Together with DuPont and AB Sugar, we’re building a $500 million commercial-scale ethanol plant in the UK on an existing BP site at Hull. The plant, operating under the name Vivergo Fuels, will have capacity to produce 420 million litres of ethanol and 500,000 tonnes of animal feed annually – with potential to be retroffitted to produce the advanced biofuel biobutanol in future.
The BP Biofuels Global Technology Centre is a world-class research facility in San Diego, California, where leading scientists and technologists are generating innovations in the biofuels industry. We’re investing $500 million over 10 years in the US in the Energy Biosciences Institute. Our partners in the project are the University of California Berkeley, the University of Illinois, Urbana Champaign and the Lawrence Berkeley National Laboratory.

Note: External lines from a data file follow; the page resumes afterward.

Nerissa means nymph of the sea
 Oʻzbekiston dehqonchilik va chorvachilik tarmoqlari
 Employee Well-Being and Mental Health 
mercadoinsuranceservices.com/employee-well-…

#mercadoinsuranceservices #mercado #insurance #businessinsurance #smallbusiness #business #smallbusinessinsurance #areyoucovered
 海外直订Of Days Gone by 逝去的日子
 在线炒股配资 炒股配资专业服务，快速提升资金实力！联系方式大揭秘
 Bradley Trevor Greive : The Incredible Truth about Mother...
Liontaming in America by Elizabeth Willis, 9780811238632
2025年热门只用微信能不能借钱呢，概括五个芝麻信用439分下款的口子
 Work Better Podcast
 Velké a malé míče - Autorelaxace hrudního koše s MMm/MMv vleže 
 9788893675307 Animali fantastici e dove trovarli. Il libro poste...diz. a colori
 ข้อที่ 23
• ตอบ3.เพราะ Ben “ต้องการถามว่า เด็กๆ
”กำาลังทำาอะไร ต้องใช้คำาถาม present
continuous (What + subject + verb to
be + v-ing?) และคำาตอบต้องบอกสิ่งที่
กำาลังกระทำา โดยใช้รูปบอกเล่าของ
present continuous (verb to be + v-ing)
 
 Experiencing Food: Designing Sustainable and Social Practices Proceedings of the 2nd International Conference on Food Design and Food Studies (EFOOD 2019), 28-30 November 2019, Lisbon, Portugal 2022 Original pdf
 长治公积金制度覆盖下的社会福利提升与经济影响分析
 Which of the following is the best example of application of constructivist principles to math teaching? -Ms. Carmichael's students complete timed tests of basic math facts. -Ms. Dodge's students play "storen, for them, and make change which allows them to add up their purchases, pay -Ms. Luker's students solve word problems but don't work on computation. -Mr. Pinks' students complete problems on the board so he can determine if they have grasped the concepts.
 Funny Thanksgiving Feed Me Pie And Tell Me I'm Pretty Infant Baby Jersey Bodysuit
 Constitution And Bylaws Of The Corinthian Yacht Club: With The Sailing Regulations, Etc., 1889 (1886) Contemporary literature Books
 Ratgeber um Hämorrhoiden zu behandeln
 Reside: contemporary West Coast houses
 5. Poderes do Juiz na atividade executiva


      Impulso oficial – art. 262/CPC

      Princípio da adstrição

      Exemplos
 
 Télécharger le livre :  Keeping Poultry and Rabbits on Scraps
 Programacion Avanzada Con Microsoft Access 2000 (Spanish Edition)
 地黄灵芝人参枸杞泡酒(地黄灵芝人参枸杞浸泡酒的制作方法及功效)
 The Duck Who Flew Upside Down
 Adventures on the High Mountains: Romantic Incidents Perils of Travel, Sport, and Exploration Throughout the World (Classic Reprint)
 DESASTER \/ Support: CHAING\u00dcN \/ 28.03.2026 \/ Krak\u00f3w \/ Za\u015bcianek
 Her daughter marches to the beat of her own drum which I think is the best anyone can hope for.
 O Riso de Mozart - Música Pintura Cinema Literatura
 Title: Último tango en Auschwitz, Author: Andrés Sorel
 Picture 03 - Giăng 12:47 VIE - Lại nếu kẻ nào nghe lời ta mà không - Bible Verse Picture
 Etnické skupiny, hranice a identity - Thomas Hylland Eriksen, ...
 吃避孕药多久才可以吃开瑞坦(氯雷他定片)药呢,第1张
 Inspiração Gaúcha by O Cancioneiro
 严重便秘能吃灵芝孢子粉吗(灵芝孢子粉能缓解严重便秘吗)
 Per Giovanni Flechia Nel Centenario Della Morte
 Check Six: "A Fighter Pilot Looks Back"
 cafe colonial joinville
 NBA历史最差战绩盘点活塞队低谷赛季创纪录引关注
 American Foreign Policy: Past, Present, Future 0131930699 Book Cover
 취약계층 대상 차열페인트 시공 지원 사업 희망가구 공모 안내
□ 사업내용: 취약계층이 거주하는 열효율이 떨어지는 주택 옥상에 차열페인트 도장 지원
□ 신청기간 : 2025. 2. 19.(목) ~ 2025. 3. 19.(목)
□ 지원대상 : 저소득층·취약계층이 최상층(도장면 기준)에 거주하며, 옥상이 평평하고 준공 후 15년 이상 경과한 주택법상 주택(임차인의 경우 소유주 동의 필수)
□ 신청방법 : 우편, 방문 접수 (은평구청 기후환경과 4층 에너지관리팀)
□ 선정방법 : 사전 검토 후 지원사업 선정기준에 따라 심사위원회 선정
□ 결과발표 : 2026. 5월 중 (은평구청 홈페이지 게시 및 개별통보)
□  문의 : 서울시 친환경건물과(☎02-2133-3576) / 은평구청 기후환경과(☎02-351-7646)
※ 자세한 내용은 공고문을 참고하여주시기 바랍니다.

In the UK, we’re working with DuPont to develop and market the advanced biofuel, biobutanol – with a new technology demonstration facility capable of producing 20,000 litres annually currently under construction.
In October 2012, BP and DSM announced a joint development agreement to advance the development of a step-change technology for conversion of sugars into renewable diesel. This agreement extends a relationship that began in 2009 between BP and Martek Biosciences Corporation.
This technology offers an alternative to the current biodiesel and Renewable Diesel options, which are reliant on vegetable oils. We have now demonstrated the concept of this technology at pilot scale and we believe sugar-to-diesel technology has the potential to deliver economic, sustainable and scalable Renewable Diesel supplies.